United Kingdom (UK) Prime Minister, Theresa May, also briefed fellow EU leaders on the UK administration’s findings on the chemical attack on Sergei and Yulia Skripal that occurred in Salisbury, England in March 2018.
Following the discussion on migration at Wednesday’s working dinner, Prime Minister May was given the opportunity to give a brief speech on the UK government’s view on the state of play of Brexit negotiations. EU leaders then met on Thursday afternoon in EU27 format without the UK to discuss Brexit. EU Chief Brexit Negotiator, Michel Barnier, also attended the meeting. Taoiseach Leo Varadkar TD stated before the discussion that “any agreement on the withdrawal of the UK from the EU… must involve an Irish protocol, a guarantee that a hard border doesn’t emerge in Ireland”. The Taoiseach had held a bi-lateral meeting with Prime Minister May in Salzburg that morning.
In his press conference remarks after Thursday’s meeting, President Tusk addressed the UK’s ‘Chequers proposal’ outlining a future relationship between the EU and the UK. Any treaty on the EU-UK future relationship cannot be formally negotiated until after the UK has left the EU. However, a political declaration outlining a framework of the future relationship will accompany any withdrawal agreement reached between the EU and UK and allow for a transition period after the UK leaves the EU. Prime Minister May had hoped to gain the support of EU leaders for her Chequers plan ahead of the UK Conservative Party Conference in Birmingham on 30 September. However, President Tusk stated in the press conference that although EU leaders agreed there were “positive elements” in the UK Chequers proposal, the economic partnership proposed by the UK government “will not work” as it “risks undermining” the integrity of the EU Single Market.

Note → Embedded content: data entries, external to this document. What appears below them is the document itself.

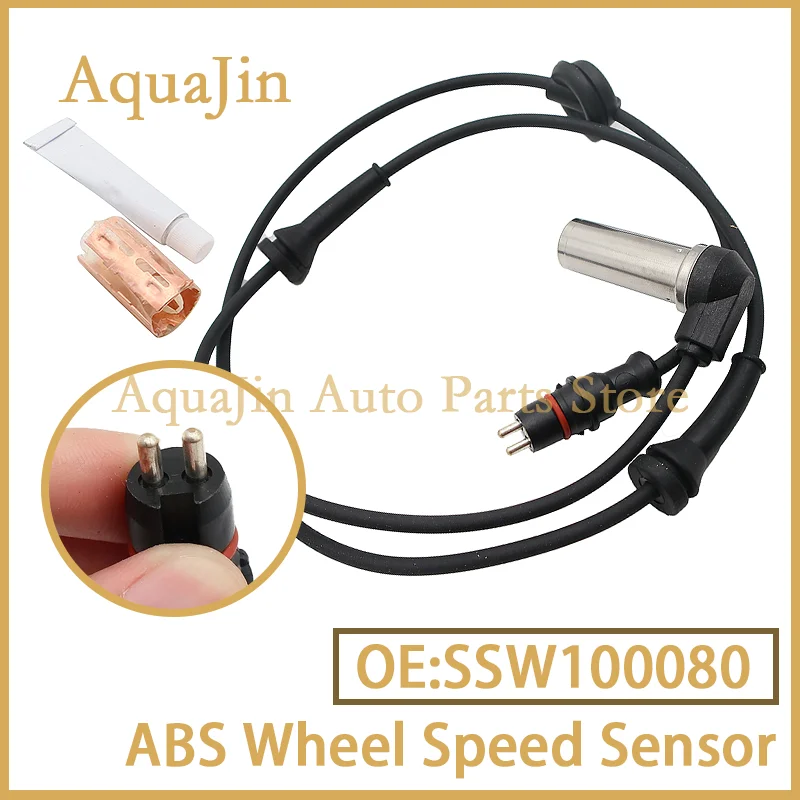 

SSW100080 Front Left Right ABS Wheel Speed Sensor For Land Rover Discovery 2 L318 1998~2004 Range Rover P38 LP Defender TD5 L316
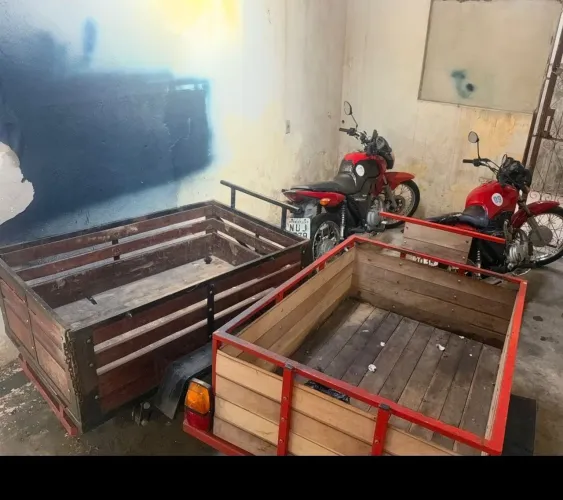 Vende-se motor com carrocinhas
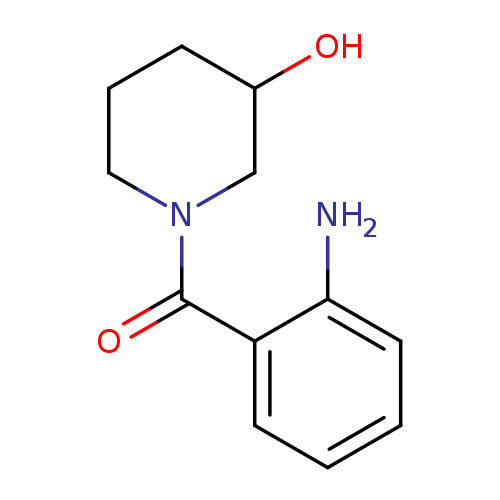 1-(2-aminobenzoyl)piperidin-3-ol
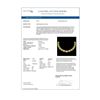Image 4 : 110.45 ctw Canary Citrine & Diamond Victorian Necklace 14K Yellow Gold - REF-2357H6R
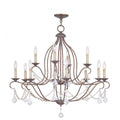 LIVEX LIGHTING  6438-71  Chesterfield   Dinette Chandelier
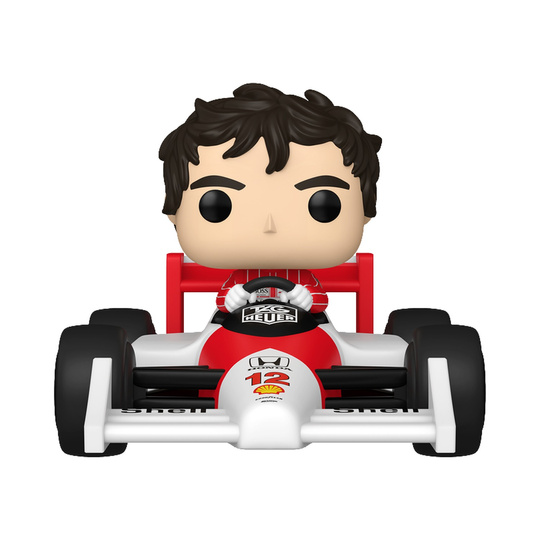 Funko POP! Ayrton Senna McLaren MP4/4 Vinyl Figure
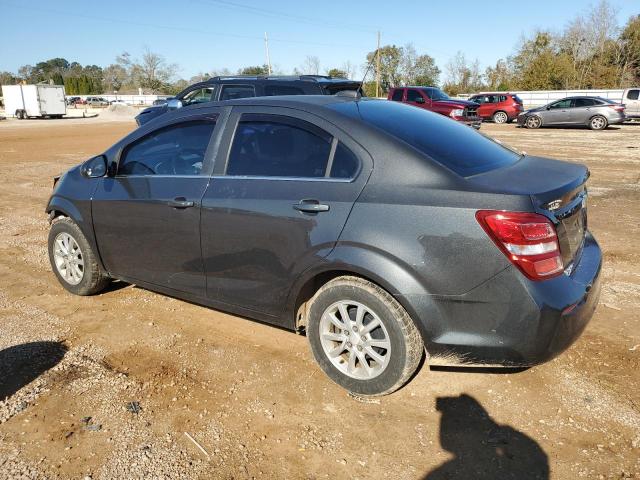 1G1JD5SH8H4125706 - 2017 CHEVROLET SONIC LT CHARCOAL photo 2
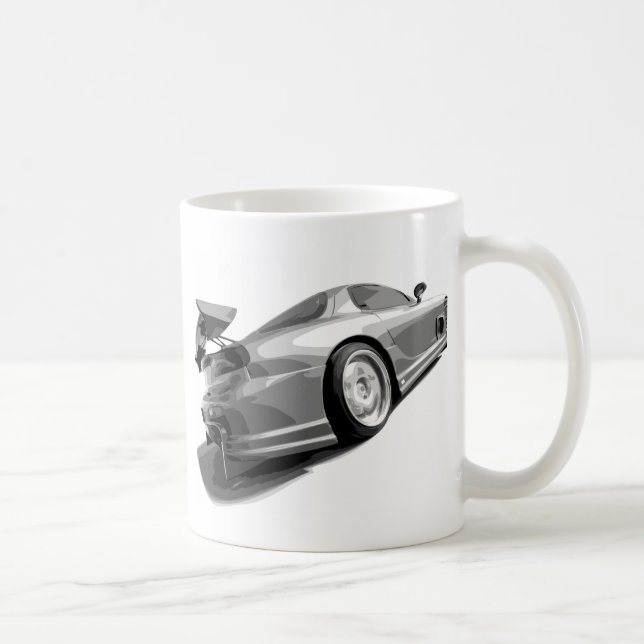 CANECA DE CAFÉ FD3S RX7 (Direita)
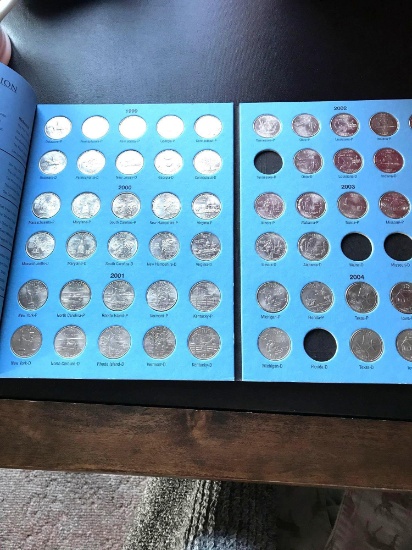 50 state quarter collection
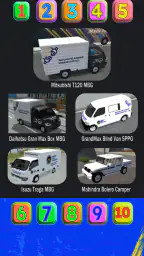 Mod Mobil Pick Up MBG 1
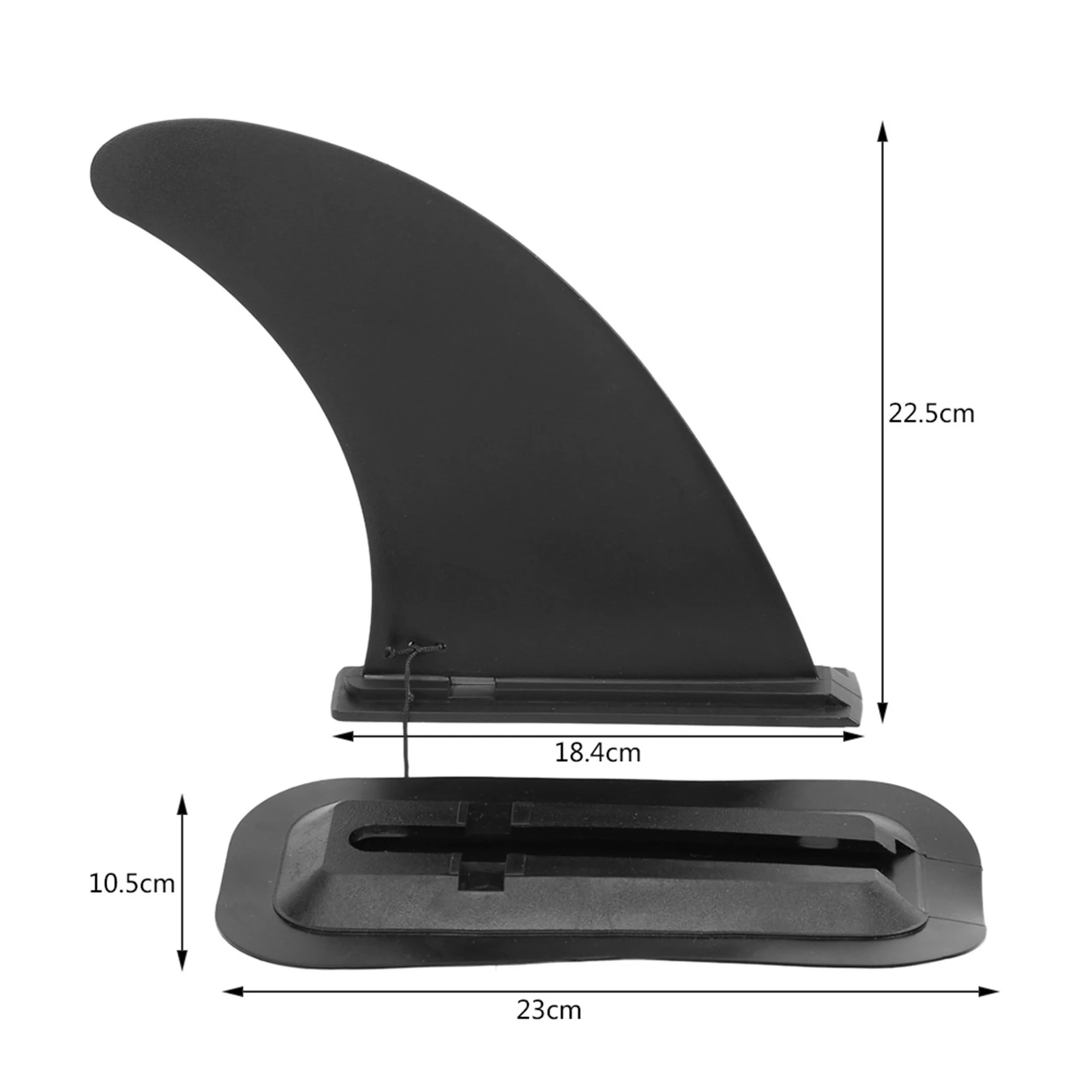PVC Surfboard Center Fin Detachable Stand Up Paddle Board Fin PVC Surfboard Center Fin Detachable Stand Up Paddle Board Fin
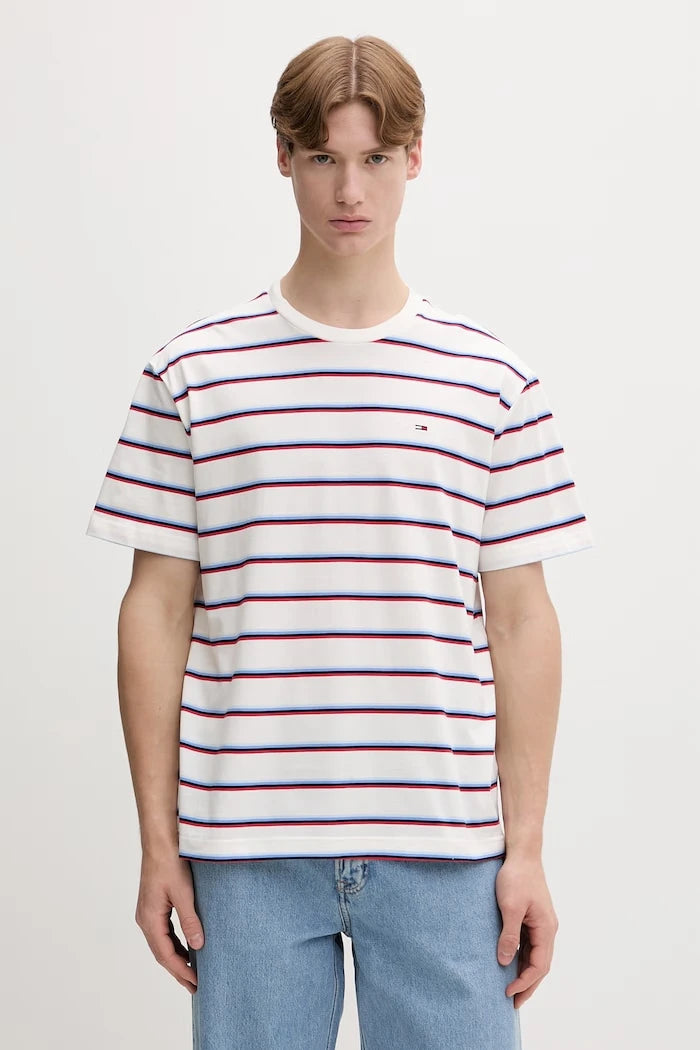 Tommy Jeans тениска мъжка от памук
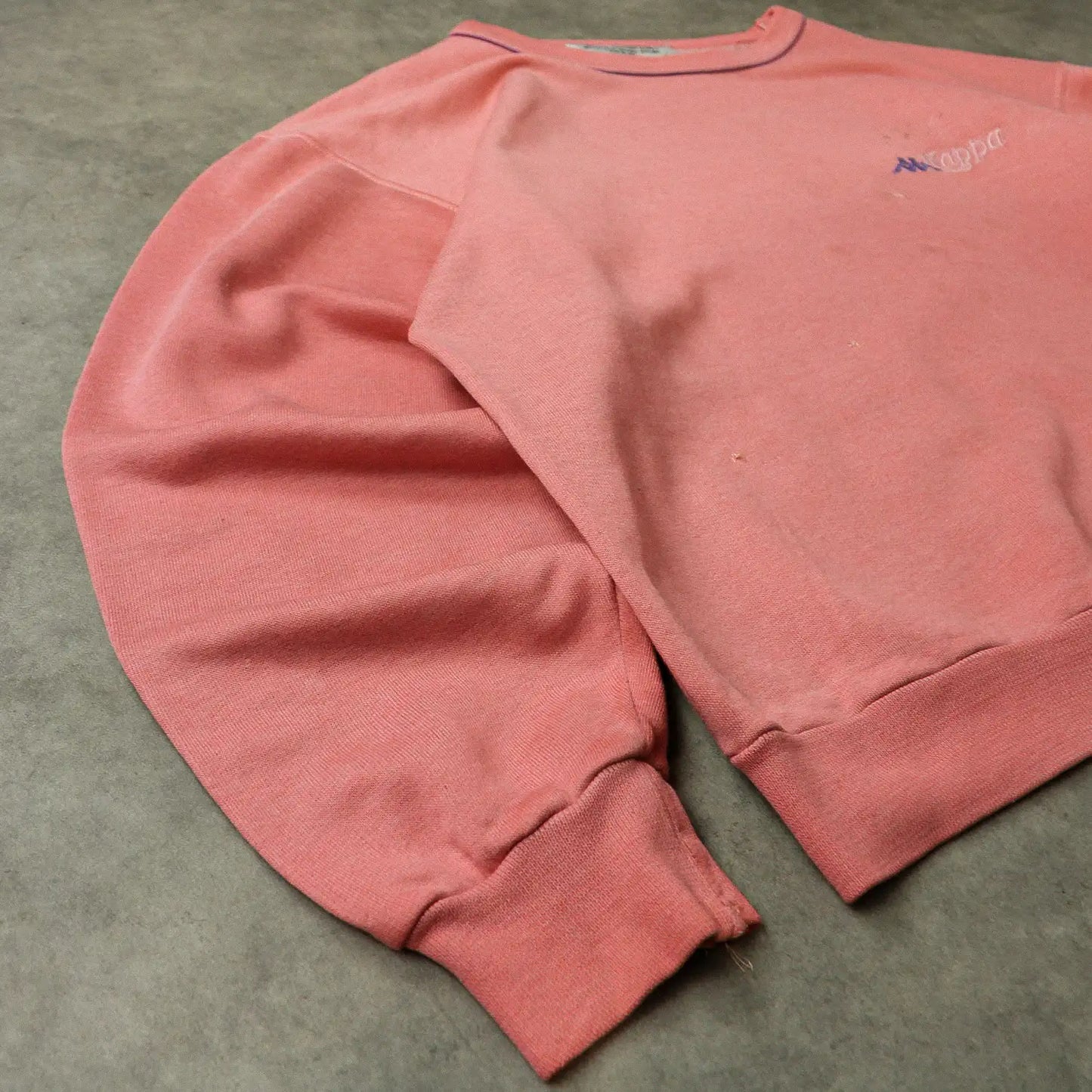 Kappa Crewneck Sweatshirt – Pink (Man-M.Flawed)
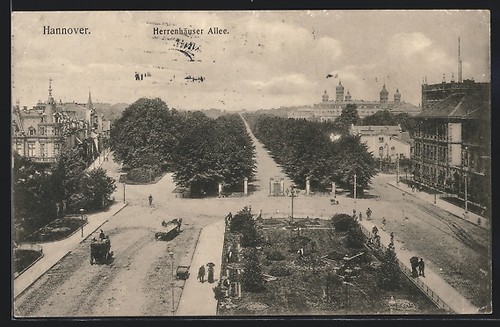 Hannover herrenhäuser - ak, hannover,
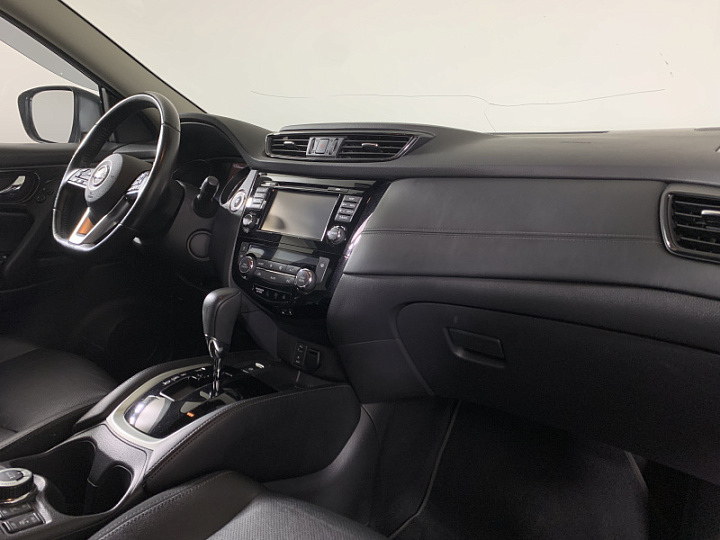 NISSAN Qashqai 2, 2019 года, Вариатор, ЧЕРНЫЙ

EU27 leaders also discussed the timetable for the final phase of Brexit negotiations before the UK leaves the EU on 29 March 2019. President Tusk stated in his final remarks that the upcoming European Council Summit on 18 October would be “the moment of truth” for the Brexit negotiations. He reconfirmed that any Withdrawal Agreement will need to include an “operational and legally binding Irish backstop”. He also announced that it would be decided at the October Summit whether an extraordinary summit ought to be held in November “to finalise and formalise” a Withdrawal deal.